En enero de 1939, el primer ministro
británico Neville Chamberlain fracasó al intentar separar a Italia del Eje o de
disuadir a Mussolini de expandirse hacia los Balcanes. El Duce había quedado
muy impresionado por la ocupación alemana de Praga, y la había utilizado como
justificativo para invadir Albania, el 7 de Abril. Cuarenta días más tarde, el
22 de mayo, se suscribió el denominado “Pacto
de Acero” por el cual ambos dictadores declaraba que el orden internacional
salido de Versalles quedaba totalmente suprimido.

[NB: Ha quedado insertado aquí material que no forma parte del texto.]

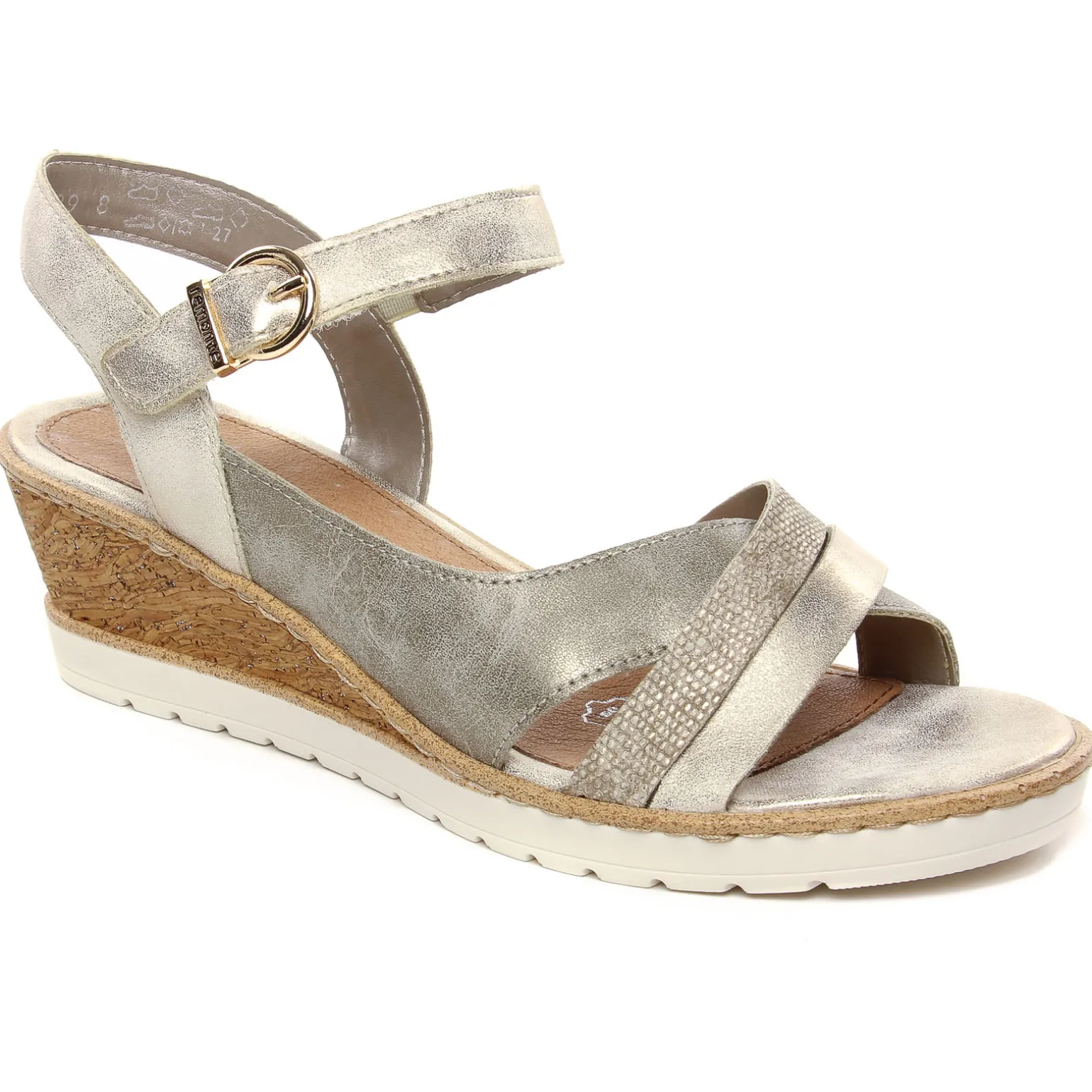 Sandales Compensées Remonte R6263-60 Metal Perle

El 24 de agosto, Hitler culminó su
maniobra estratégica llegando a un acuerdo con Stalin que evitaba a Alemania el
riesgo de afrontar una guerra en dos frentes similar a la que había librado
entre 1914 a
1918.
El Pacto de No Agresión Germano –
Soviético, conocido como Pacto Ribbentrop – Molotov por el nombre de los
ministros de relaciones exteriores que lo concretaron, fue en la práctica un
pacto de agresión contra Polonia. Un protocolo secreto establecía la división
de Europa Oriental en esferas de influencia y dejaba sin resolver “si los intereses de las dos partes
determinan que el mantenimiento de un Estado polaco parezca deseable y cómo se
trazarán las fronteras de ese Estado”. Así, se dispuso la división de
Polonia, que fue efectuada el 17 de septiembre de 1939, al ser invadida por
tropas soviéticas.
Finalmente, el Tratado Germano –
Soviético de Fronteras y Amistad del 28 de septiembre de 1939, estableció un
reparto territorial aún más amplio. Stalin recibió el control de una parte de
Polonia, Finlandia, la mayor parte de los estados Bálticos y parte de Rumania –la Besarabia-. De esta
manera, en el otoño de 1939, la Unión Soviética obligó a Letonia, Estonia y
Lituania los llamados “tratados de
seguridad”, que implicaban la entrada de tropas soviéticas. Cuando los
finlandeses se resistieron, Stalin los atacó –el 30 de noviembre de 1939- con
el consentimiento de Alemania.
Cuando Hitler se anexó Checoslovaquia e
Italia invadió Albania, se despertó en la opinión pública tanto de Gran Bretaña
como de Francia un profundo clamor demandando a sus gobiernos que detuvieran
los desmanes de Hitler. En consecuencia, los gobiernos francés y británico se
vieron obligados a garantizar unilateralmente la soberanía territorial de
Polonia, Grecia, Rumania y Turquía. En realidad esta garantía era poco más que
un gesto simbólico destinado a advertir a Hitler que se había agotado la
paciencia y que no se tolerarían nuevas anexiones territoriales, pero
principalmente a calmar a la opinión pública. Debido a que por ese entonces la
estrategia de las fuerzas armadas francesas era de carácter eminentemente
defensivo apoyada en posiciones fortificadas como la célebre línea Maginot.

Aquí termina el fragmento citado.